Left-leaning Le Monde newspaper warned that Le Pen's claim that she would have prevented attacks that have claimed hundreds of lives was "absurd".
"You don't seek votes on the backs of dead people. It's a sort of moral red line," the newspaper said.
Future of EU at stake
Some analysts have also depicted the French election as a sort of referendum on the European Union, with Le Pen proposing to pull France out of the 28-member club and scrap the euro common currency.
On Tuesday night, she insisted that the TF1 television channel remove the blue-and-yellow European flag from behind her before an interview.
But Melenchon, her eurosceptic far-left opponent, sought to soften his position on Tuesday night, stating that he did not seek to end the European Union or the euro despite criticising the "ultra-liberal" trading bloc for years.
"Don't believe what they tell you, 'He wants to leave Europe, the euro'... let's be serious," he told supporters on Tuesday night.
The Communist-backed candidate has pledged to renegotiate some of the founding treaties of the bloc, however, which would cast serious doubt on the viability of the postwar project of integrating the continent.
Polls show that a majority of French people still support the EU and the euro.
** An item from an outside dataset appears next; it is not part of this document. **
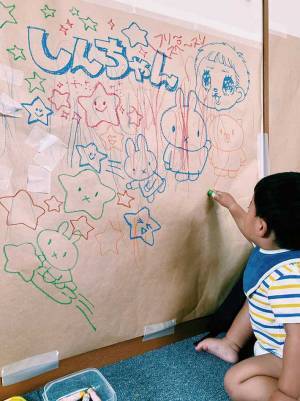 どこにでも絵を描く息子　母親の行動に「素敵」「これはナイスアイディア」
Veteran centrist Francois Bayrou, who has backed Macron, warned Wednesday that several possibilities were possible for the run-off vote on May 7.
The election has been one of the most unpredictable in decades and takes place against a backdrop of rising rightwing nationalism, seen most notably in Britain's decision to leave the EU and Donald Trump's presidential victory in the United States.
"A second round Melenchon-Le Pen, it's terrifying for the country, for the image of the country and for its future, because the choices proposed are extremely risky," Bayrou said.